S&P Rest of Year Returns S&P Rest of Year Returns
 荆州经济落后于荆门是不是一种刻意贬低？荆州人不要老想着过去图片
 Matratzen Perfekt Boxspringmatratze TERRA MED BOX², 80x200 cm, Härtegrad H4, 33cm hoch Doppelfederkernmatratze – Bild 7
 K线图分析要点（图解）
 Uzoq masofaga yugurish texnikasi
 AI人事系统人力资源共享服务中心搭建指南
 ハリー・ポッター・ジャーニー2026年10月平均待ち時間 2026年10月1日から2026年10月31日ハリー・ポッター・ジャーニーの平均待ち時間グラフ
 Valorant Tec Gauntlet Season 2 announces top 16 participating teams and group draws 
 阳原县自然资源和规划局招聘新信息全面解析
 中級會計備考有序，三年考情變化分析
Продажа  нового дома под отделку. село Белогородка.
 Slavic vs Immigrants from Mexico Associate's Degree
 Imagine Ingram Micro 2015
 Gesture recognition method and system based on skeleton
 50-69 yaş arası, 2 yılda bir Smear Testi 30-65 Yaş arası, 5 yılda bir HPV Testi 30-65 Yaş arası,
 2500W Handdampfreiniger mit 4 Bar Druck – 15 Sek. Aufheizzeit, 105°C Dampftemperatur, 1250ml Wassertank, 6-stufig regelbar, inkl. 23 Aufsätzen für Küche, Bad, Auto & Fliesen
────────────────────────────────────────
### Problem description
Repeat only the stretch of lines that opens with the line containing "Uzoq masofaga yugurish texnikasi" and closes with the final line of the entries, both included, exactly as written.

### Exercise answer
 Uzoq masofaga yugurish texnikasi
 AI人事系统人力资源共享服务中心搭建指南
 ハリー・ポッター・ジャーニー2026年10月平均待ち時間 2026年10月1日から2026年10月31日ハリー・ポッター・ジャーニーの平均待ち時間グラフ
 Valorant Tec Gauntlet Season 2 announces top 16 participating teams and group draws 
 阳原县自然资源和规划局招聘新信息全面解析
 中級會計備考有序，三年考情變化分析
Продажа  нового дома под отделку. село Белогородка.
 Slavic vs Immigrants from Mexico Associate's Degree
 Imagine Ingram Micro 2015
 Gesture recognition method and system based on skeleton
 50-69 yaş arası, 2 yılda bir Smear Testi 30-65 Yaş arası, 5 yılda bir HPV Testi 30-65 Yaş arası,
 2500W Handdampfreiniger mit 4 Bar Druck – 15 Sek. Aufheizzeit, 105°C Dampftemperatur, 1250ml Wassertank, 6-stufig regelbar, inkl. 23 Aufsätzen für Küche, Bad, Auto & Fliesen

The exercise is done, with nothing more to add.